Au lendemain de l’annonce de l’implantation d’une filiale du marché d’assurances britannique dans la capitale belge, le groupe a levé le voile sur les raisons qui l’ont poussé à délaisser les autres options envisagées, dont celle d’une implantation au Luxembourg.

«Au vu de la décision du Royaume-Uni de quitter l’Union européenne, une filiale sera ouverte à Bruxelles», a confirmé jeudi Lloyd’s dans un communiqué, au lendemain du déclenchement de l’article 50 du Traité de Lisbonne par les autorités britanniques. Devant entrer en fonction au 1er janvier 2019, ce nouveau bureau doit permettre officiellement au marché d’assurances de «souscrire des risques provenant de l’ensemble des 27 pays de l’Union européenne et des trois États membres de l’espace économique européen (Norvège, Islande, Liechtenstein, ndlr) suite au départ du Royaume-Uni de l’Union européenne. Nos clients et partenaires continueront ainsi à avoir accès aux solutions novatrices du marché de Lloyd’s.»

Le nombre d’employés de cette nouvelle structure n’a pas été précisé, mais à en croire les éléments recueillis par l’agence britannique Press Association, une centaine de salariés devrait être transférée de la City vers Bruxelles. Ce nombre serait toutefois susceptible de croître une fois la filiale réellement active, selon cette même source. Pour justifier son choix de venir s’implanter dans la capitale belge au détriment de Dublin ou de Luxembourg, le marché d’assurances et de réassurances spécialisées estime que «Bruxelles rassemble les éléments essentiels fournissant un cadre réglementaire solide dans un emplacement central en Europe, et permettra à Lloyd’s de continuer à offrir son expertise de souscription spécialisée à ses clients.»

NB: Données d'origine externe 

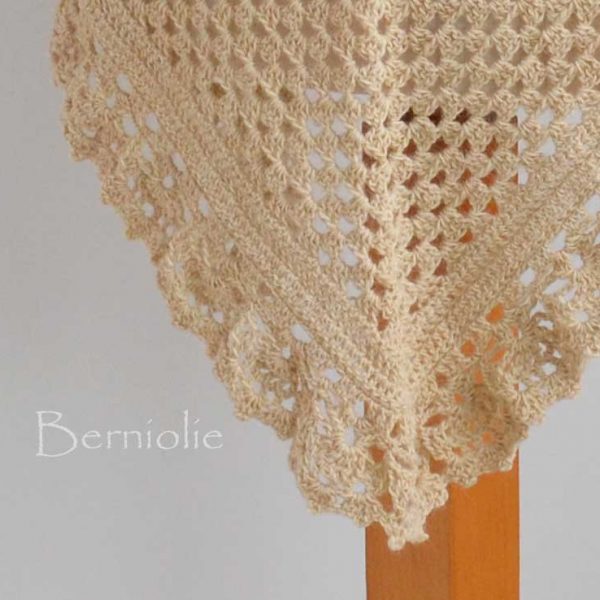 ASHLEY, crochet shawl pattern pdf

Un argumentaire salué par le ministre belge des Finances, Johan Van Overtveldt, qui indique dans les colonnes du quotidien belge L’Écho que «les discussions intenses que nous avons menées ces derniers mois (…) démontrent que la position de Bruxelles comme place financière s’améliore, et [que] cela pourrait même créer un appel d’air au niveau des autres assureurs et établissements financiers spécialisés, domaine déjà bien ancré à Bruxelles». De son côté, Luxembourg a d’ores et déjà su séduire la fintech PPRO Group, le fonds d’investissement M&G Investments, mais aussi l’assureur américain AIG, qui a annoncé vouloir renforcer sa présence au Grand-Duché dans le cadre du Brexit.